This flow chart outlines the actions that can be taken after a risk assessment by the New Substances Program. If the assessment outcome concludes that there is no suspicion of toxicity with regards to the substance, the assessment period ends and the manufacture or import of the substance may proceed or continue. If the assessment outcome concludes that there is no suspicion of toxicity with regards to the substance for the notified activity but that there is a suspicion that a significant new activity may result in the substance being toxic, the assessment period ends. The manufacture or import of the substance may proceed or continue for the notified activity but a SNAc Notice will be published in the Canada Gazette. If the assessment outcome concludes that there is a suspicion of toxicity with regards to the substance, the assessment period can be extended if necessary. Control actions that can be imposed include a prohibition of manufacture or import of the substance, or the allowance of manufacture or import subject to conditions, or additional information on the substance can be requested. After the imposed control action is selected, the assessment period ends and the Ministerial Condition or Prohibition is published in Canada Gazette.

No Suspicion of Toxicity

If there is no suspicion of toxicity and the assessment period has expired, the Minister of the Environment will take no further action. When a new substance becomes eligible for addition to the DSL, the Minister must add the substance to the DSL within 120 days and, if it appears on the Non-domestic Substances List (NDSL), delete it from that list. Refer to the Operational Approach for Administering the DSL and NDSL for more information.

Suspicion of Toxicity

If the Government of Canada suspects that a substance is “toxic” or capable of becoming “toxic”, there are three actions that may be taken. Under section 84 of the Act for chemicals, biochemicals, polymers, biopolymers or section 109 of the Act for living organisms, the Minister of the Environment may:

(a) permit the manufacture or import of the substance subject to specified conditions; or
(b) prohibit the manufacture or import of the substance; or
(c) request additional information considered necessary for the purpose of assessment.  The notifier shall not manufacture or import of the substance until supplementary information or test results have been submitted and assessed.

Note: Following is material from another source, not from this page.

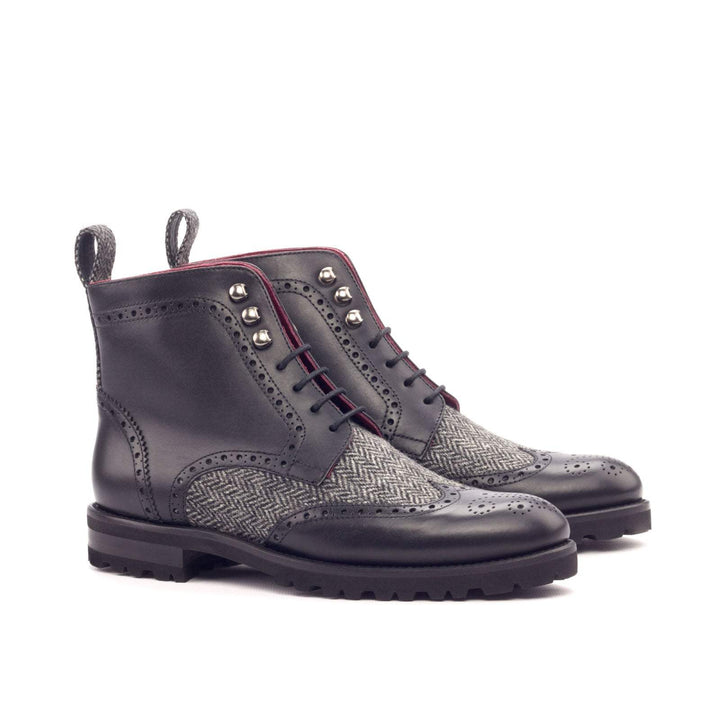 Women's Military Brogue Boots Leather Grey Black 3102 3- MERRIMIUM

These measures must be imposed before the expiration of the assessment period when a “suspicion of toxicity” conclusion is being considered.  Typically, the assessment period is extended, as permitted under the Act, when this conclusion is anticipated. 

Control Actions

When conditions or a prohibition are imposed, varied or rescinded, Environment Canada must publish a notice in the Canada Gazette, Part I.

Any prohibition on a substance under section 84(1)(b) will expire two years after it is imposed unless proposed regulations to manage the substance are published in the Canada Gazette. In that case, the prohibition expires on the day the regulations come into force.

Significant New Activity Notices

If the Ministers suspects that a significant new activity (SNAc) in relation to the substance may result in the substance becoming “toxic”, a SNAc Notice is published in Canada GazettePart I for the substance. SNAc Notices must be published within 90 days of the end of the assessment period.  SNAc notices require notification (called Significant New Activity Notification) of prescribed information in advance of the use of the substance for a significant new activity (as defined in the SNAc Notice). Environment Canada and Health Canada assess the substance in relation to the new activity to determine if it is “toxic” or capable of becoming “toxic”. Refer to the Operational Approach for Issuing Significant New Activity Notices for more information.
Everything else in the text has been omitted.